Better than any of that, however, are the contracts.
Speights has a player option at the end of the season. It allows him to opt out and become a restricted free agent ... or he can pick it up and stay with the Cavs for around $4 million.
Ellington’s deal consists of a team option. That makes him a restricted free agent at season’s end. So if another team signs him, the Cavs can match if they see fit. But they don’t have to. Selby is still on his rookie contract. It expires when the season ends.
So not only did the Cavs land three guys who can help the team — they landed three guys who could be gone next season if they don’t.
That's called "flexibility."
As for the draft pick, it’s a little complicated.
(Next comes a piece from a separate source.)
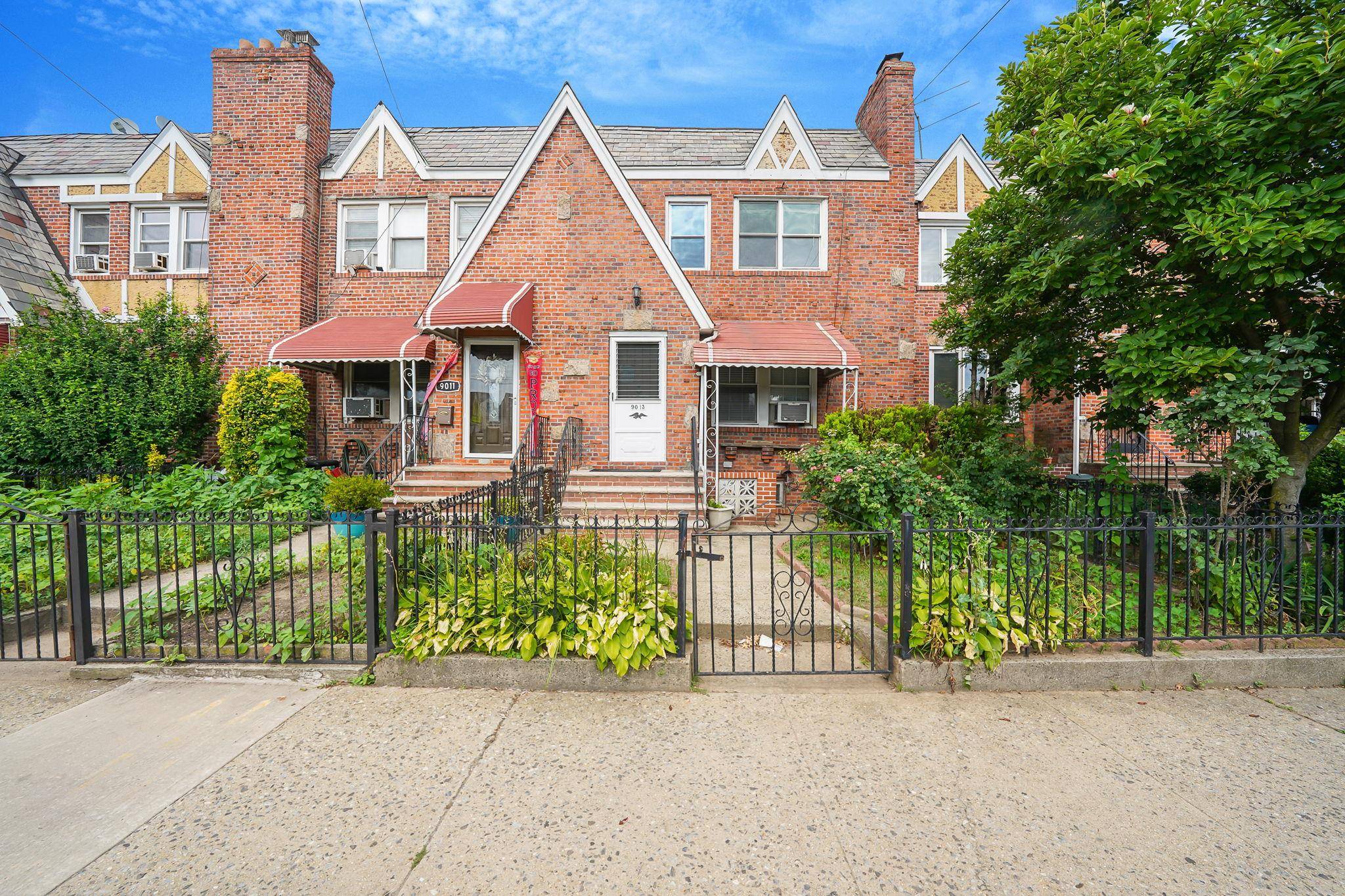 90-13 Francis Lewis BLVD, Queens Village, NY 11428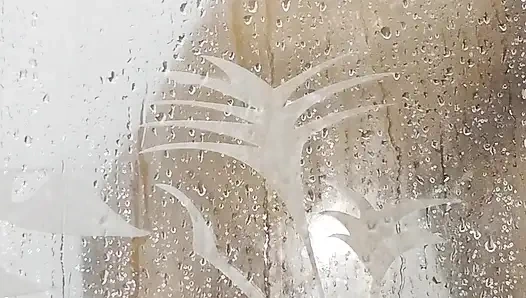 А если ты сопровождаешь меня принимать хороший душ, то твоих рук не хватает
Just know it won’t become available to the Cavs until 2015. But it could still be available in 2019. It’s also something they can package in another trade, and they very well might.
That's called "an asset."
It's all a result of Grant strategically working the phones, with the trade taking shape a week ago and turning the corner Sunday. It’s something Grant will continue to do, perhaps starting by trying to locate takers for the expiring contracts of Luke Walton, Omri Casspi and Daniel Gibson.
Human nature often means waiting until the last minute. Believe it or not, NBA GMs are humans and not just a bunch of programmed robots. So if the Cavs are able to pull off another deal, odds are it will happen in late February.
Houston has cap space. Phoenix has cap space. The Cavs still have some, too. So plenty of things can play out between now and then, and likely will.
Most of the conversations Grant is having now are the same type of conversations he’ll be having at the trade deadline. His job is to figure out what’s real, what’s not and when to strike.
On Tuesday, the time was right. Grant and the Cavs figured, hey, you’re not going to beat this one. They figured this one is pretty good, so let’s go.
But this isn’t it.
Instead, it appears to be just the start.